Wanneer is ‘ie het lekkerst?
Soms zijn wijnen echt allemansvrienden en soms is er maar een klein deel dat ze waardeert. Deze heeft het denk ik beiden, want hij begint heel fijntjes in de geur. Bescheiden, met mooi wit fruit, wat witte perzik, venkel en een vleugje zilt, als een koele zeebries. Maar na die eerste twee slokken merk je dat deze wijn, naast de subtiele aanzet, ranke zuren en heerlijke minerale ziltigheid (allemaal frisse nuances), ook een tweede gezicht heeft. Door de lie-rijping geeft hij heel subtiel een bepaalde “creaminess” en steken er plotseling ook wat schuchtere aroma’s van gestampte muisjes (anijs)en kamille.
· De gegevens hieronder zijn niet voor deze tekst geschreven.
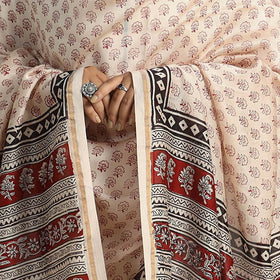 Beige - traditional maheshwari silk bagh dupatta 18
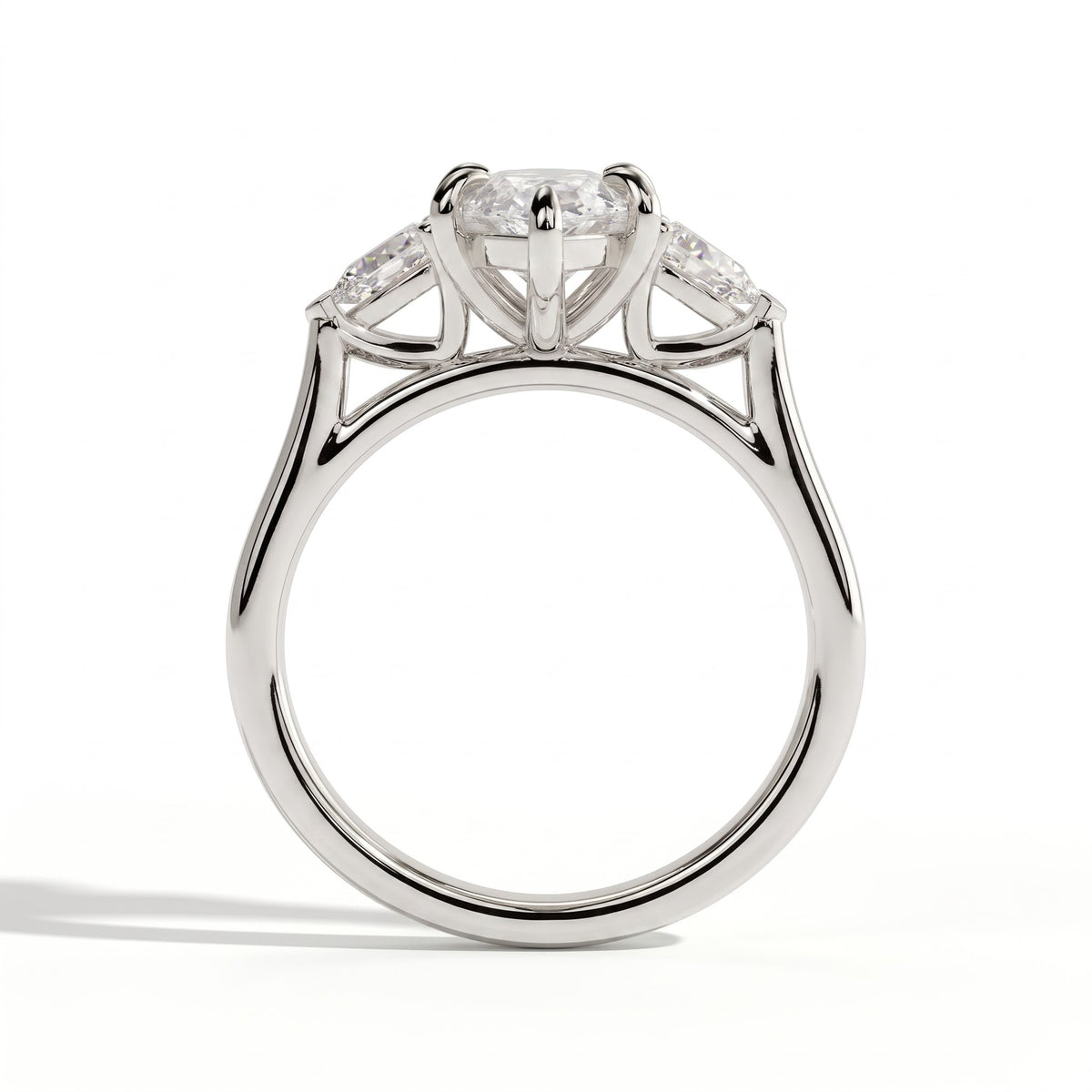 Marquise lab-grown diamond three-stone engagement ring in 18K (750) white gold, side profile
Zelfs wat bloemenhoning over rijpe gele appel (gebak?) en een vleugje amandelbitters. De romigheid is hier prachtig gebalanceerd met de zuren, waardoor er veel gebeurt in de mond. Geen “giet maar naar achteren-wijn”, maar toch wel degelijk eentje om eens rustig voor te gaan zitten. Ook al is het geen hele dikke, rijke blockbuster. Bedachtzame subtiliteit!
Pak hier weer de Bourgogneglazen voor uit de kast, schenk rond de 12 graden en ga op ontdekkingstocht. Hierbij eten betekent vooral delicaat en zacht. Frisse zuren kan de wijn zeker hebben, maar voorzichtig. Denk aan coquille in de schelp met een zachte kruiden-citrusboter, of langoustine doormidden gesneden en kort gegrild, afgelakt met wat vadouvan-olie en daarbij salade van venkel, tomaten en basilicum. Doet het ook goed bij rouleau van zalm, dille, Hollandse garnalen en avocado. Kortom, doe je ding, maar zet hier de wijn even op nummer één, want anders walst je gerechtje er zomaar overheen en houd je inderdaad weinig meer over dan een niet al te complexe witte wijn.